Yet roughly half of the women who are struggling with their mental health after pregnancy don’t receive treatment. Barriers to care include a lack of awareness about symptoms and treatments, an inability to access resources and stigma.
Postpartum depression has historically been underdiagnosed and underresearched, but recognition of the condition is finally growing. As a result, there are more treatment options available than ever, including innovative therapeutic models and at least one new medication.
Many women experience mood swings in the days and weeks following birth because of dramatic hormonal shifts. Sometimes called the “baby blues,” symptoms include feelings of sadness, anxiety, tearfulness or overwhelm; they typically subside within a week or two.
New mothers “feel like they’re on a hormonal ride because they are,” said Dr. Samantha Meltzer-Brody, chair of the psychiatry department at the University of North Carolina at Chapel Hill, who helped
found the university’s perinatal psychiatry inpatient unit — the first in the country.
“That happens to every single person that gives birth, and that’s considered a normal part of the transition from pregnancy to the postpartum period.”
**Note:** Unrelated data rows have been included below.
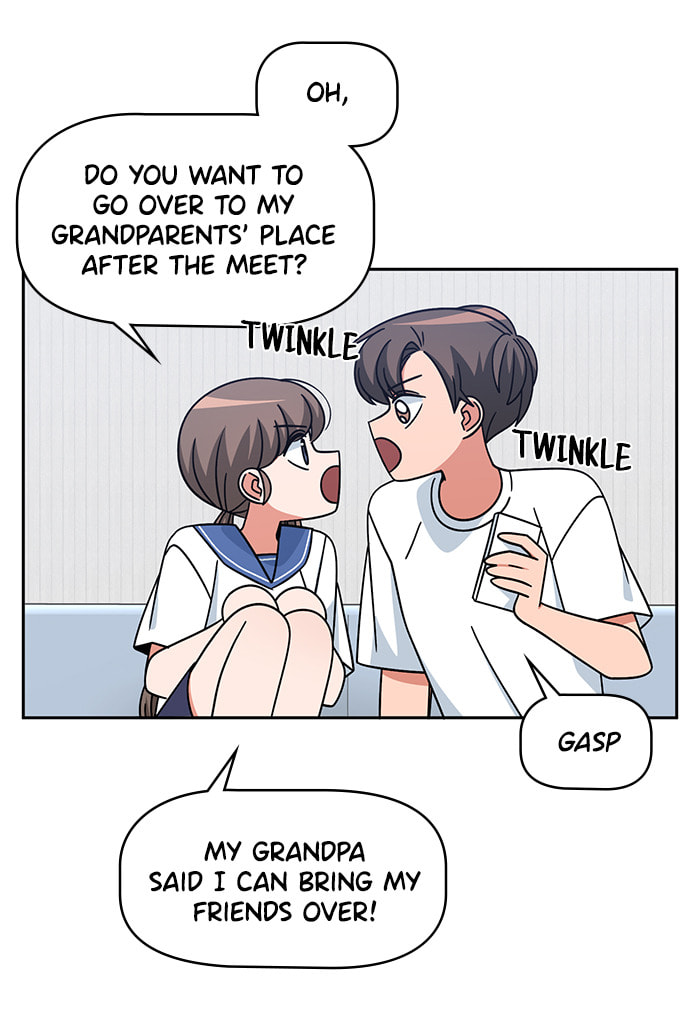 Swimming Lessons for a Mermaid Chapter 79 page 8 - 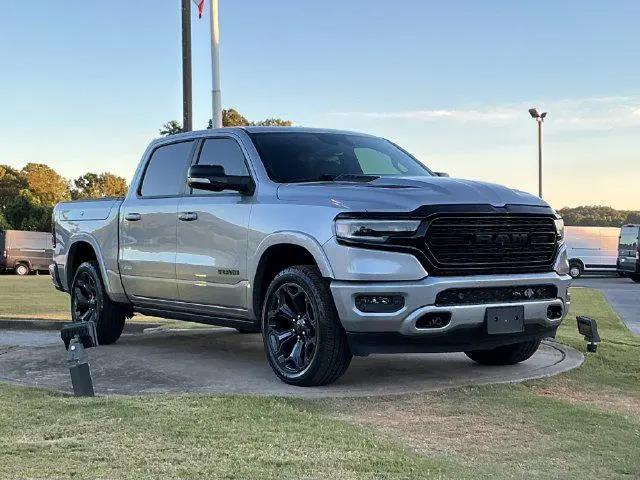 2021 Ram 1500 Limited Crew Cab 4x4 57 Box for sale in Canton, GA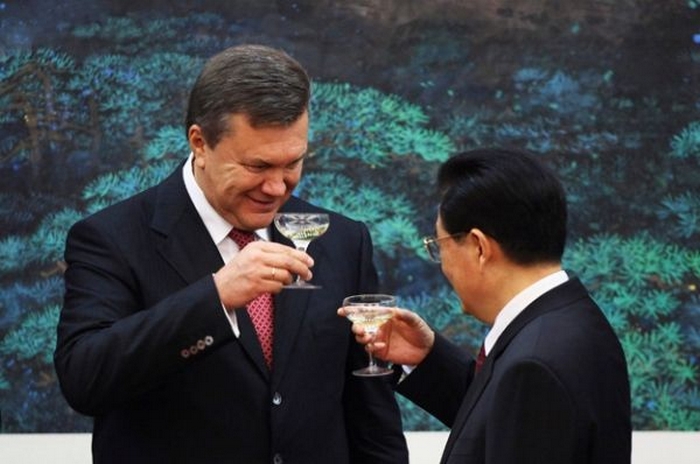 соглашение Республики Крым и Китая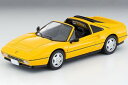トミカリミテッドヴィンテージNEO LV-N フェラーリ 328 GTS(黄) ミニカー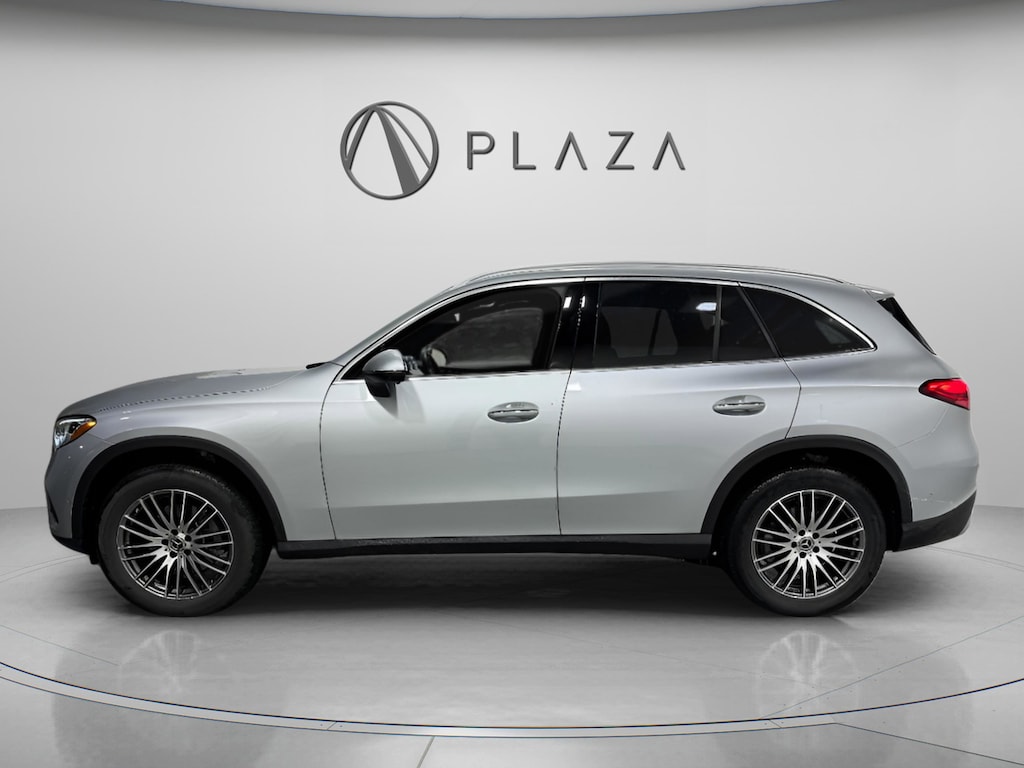 Certified 2026 Mercedes-Benz GLC 300 4MATIC SUV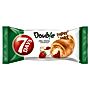 7 Days Doub!e Super Max Rogalik z nadzieniem o smaku waniliowym i truskawkowym 110 g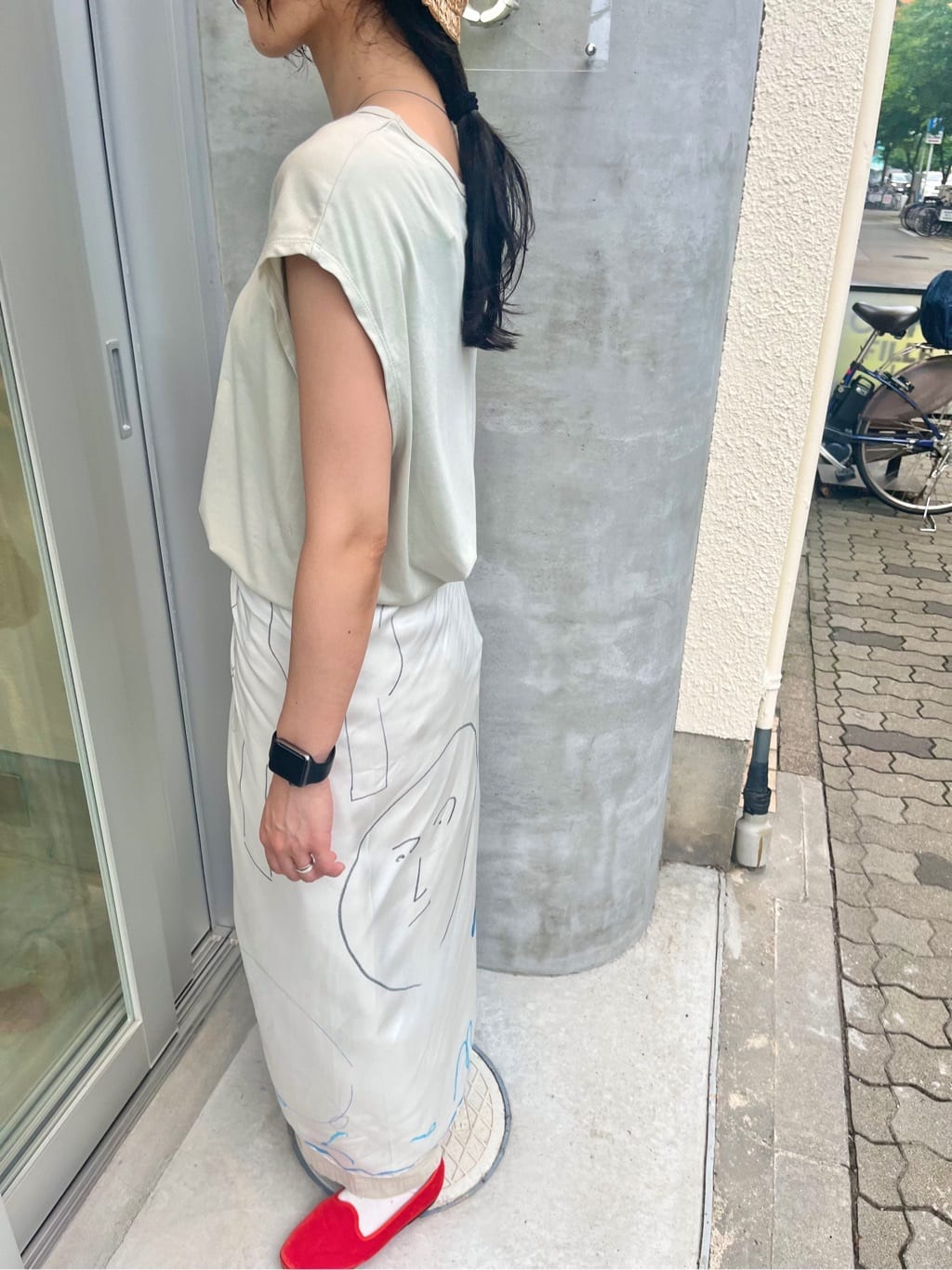 AMBIDEX HATENA 名古屋 身長:162cm 2025.06.26 AMBIDEX HATENA 名古屋 身長:162cm 2025.06.27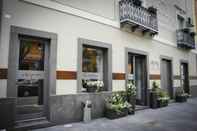 Exterior Albergo D'Onofrio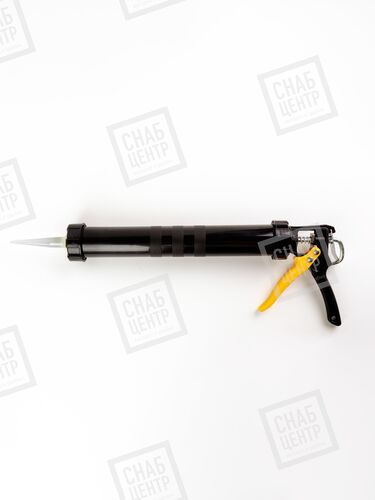 SC 00006456 Пистолет для герметика пластиковая туба 600мл EKO PLUS #1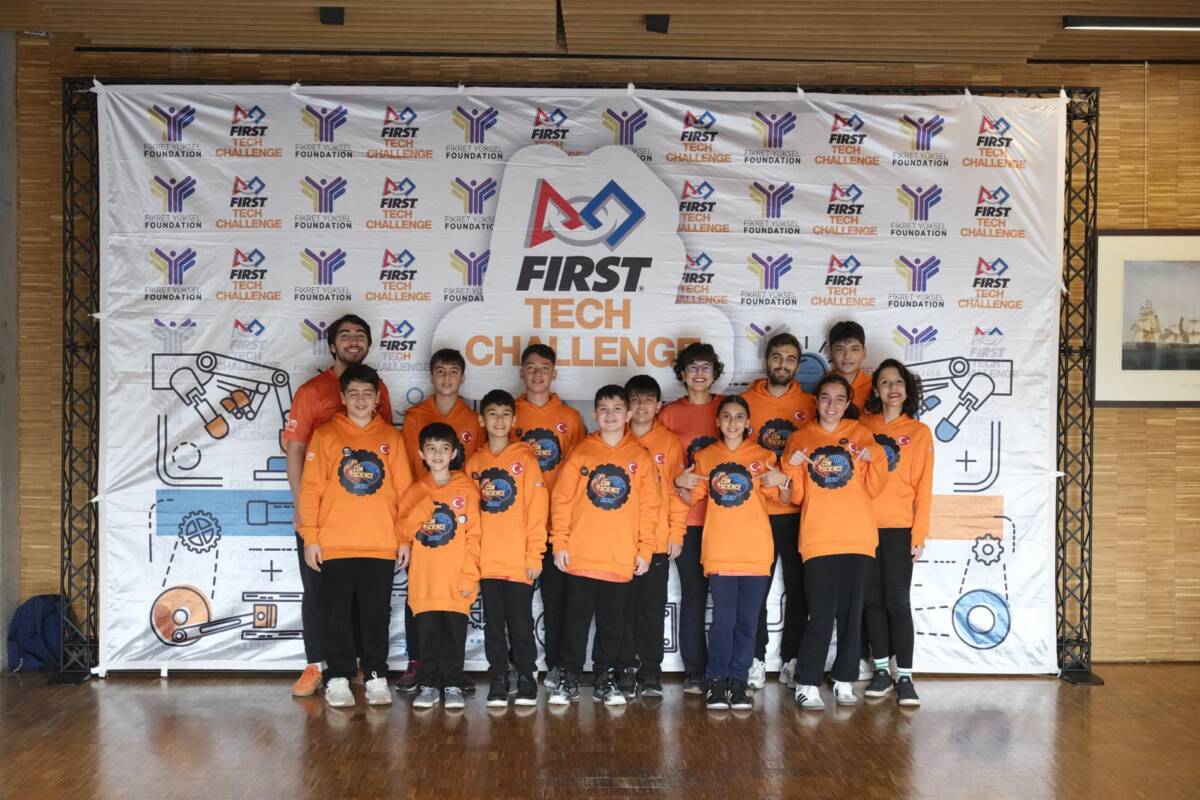 YGA Bilim Seferberliği kapsamında Hatay’da yürütülen çalışmalarla, FIRST Tech Challenge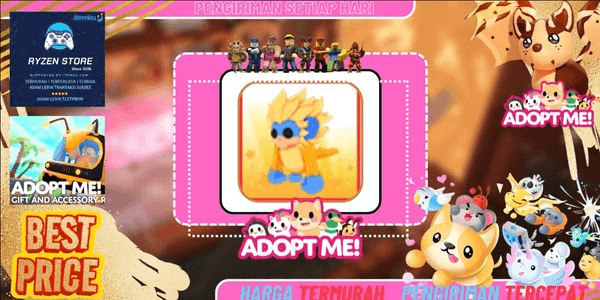 Gambar Product Super Monkey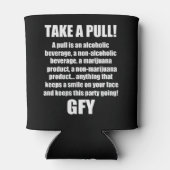 Cool Dosenkühler (Rückseite)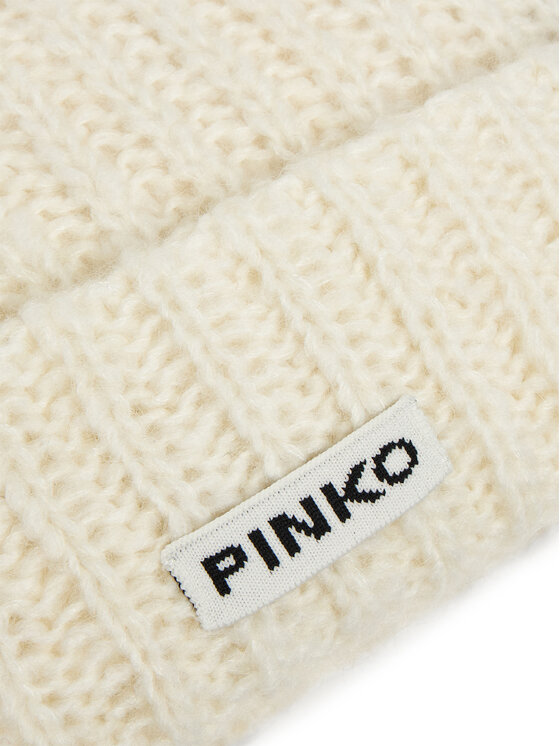 PINKO Sapka PINKO 105989 A2Z2 Ekru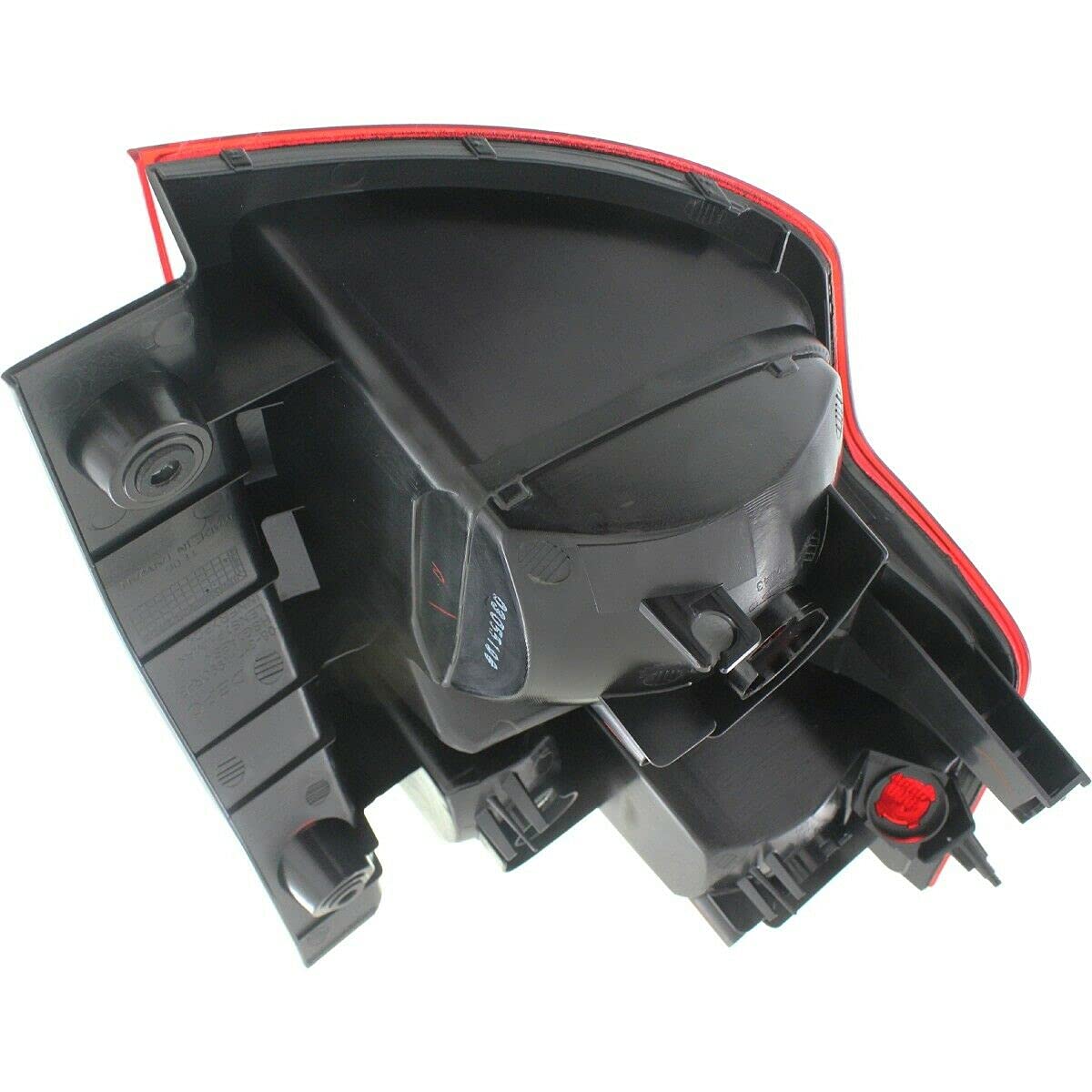 Right Passenger Side Tail Light Lamp Replacement for Honda Element - Perfect for Night Driving & Enhanced Vehicle Safety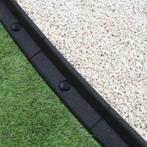 Flexibele Borderrand tuin - Zwart -  Set: 40 x 1.2 meter, Verzenden, Nieuw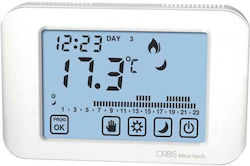 Orbis Digital Thermostat Raum mit Touchscreen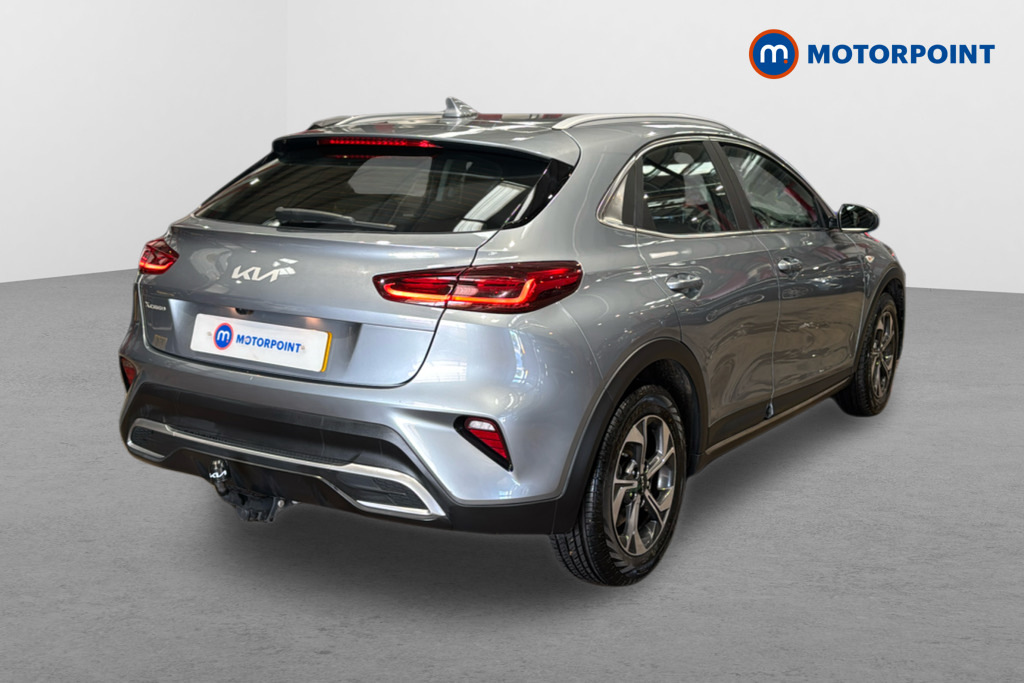 Kia Xceed 1.5T Gdi Isg 2 BA72HMK Silver #6
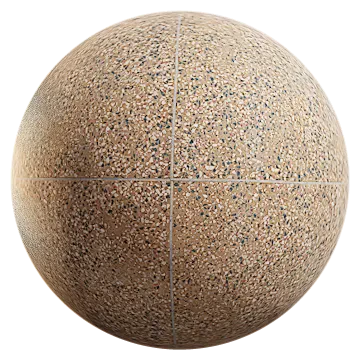terrazzo floor 008 — Скачать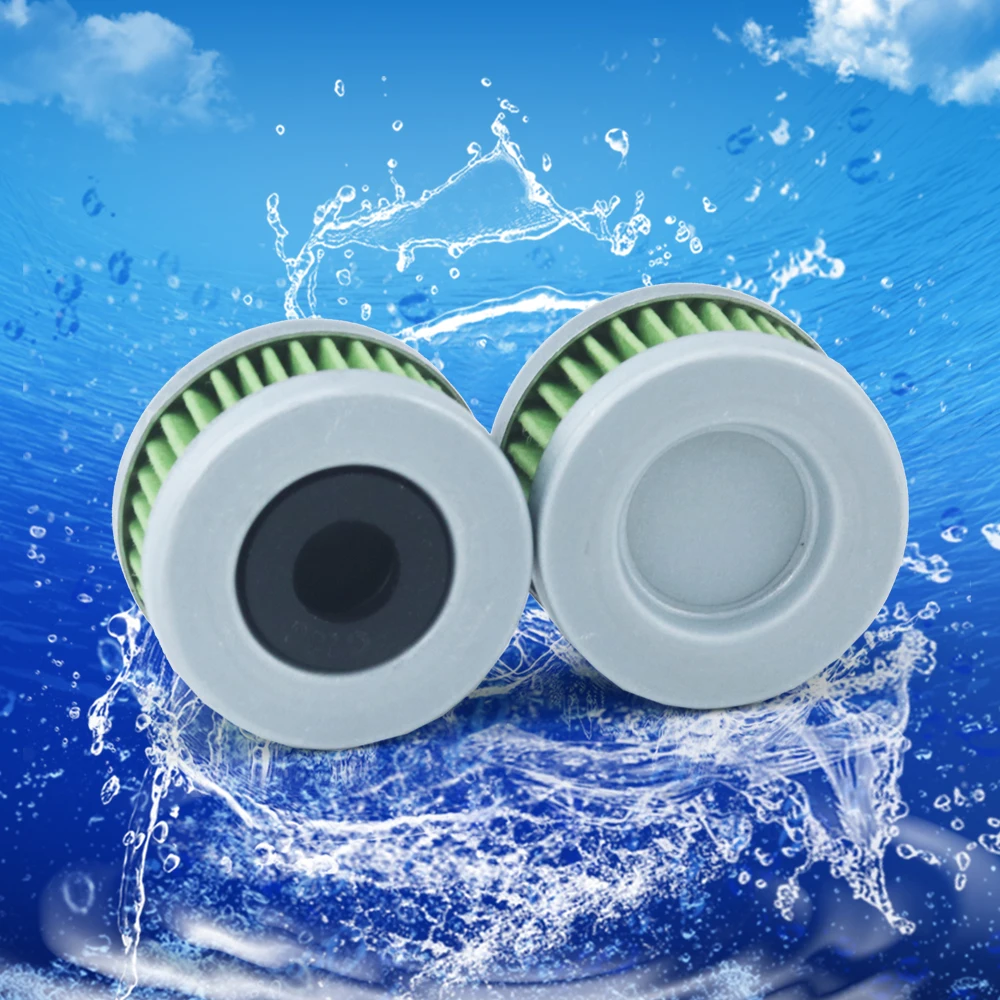 10PCS Fuel Filter 16911-ZZ5-003 For Honda Outboard Engine Fit BF40 50 60 Marine Motor Water Separator 40hp 50hp 60h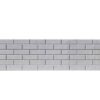 Gard beton model CARAMIDA - 150 cm inaltime - Cod 3OMC placa ornamentala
Postpartum depression is different. It is defined as a major depressive episode that lasts at least two weeks and starts during the year after birth, usually emerging in the first few weeks.
“To meet criteria for a postpartum depressive episode, you must meet criteria for a major depressive episode,” MeltzerBrody said. Those include persistent low mood, low energy, feelings of worthlessness or guilt, suicidal thoughts and a loss of interest in things that were previously enjoyable.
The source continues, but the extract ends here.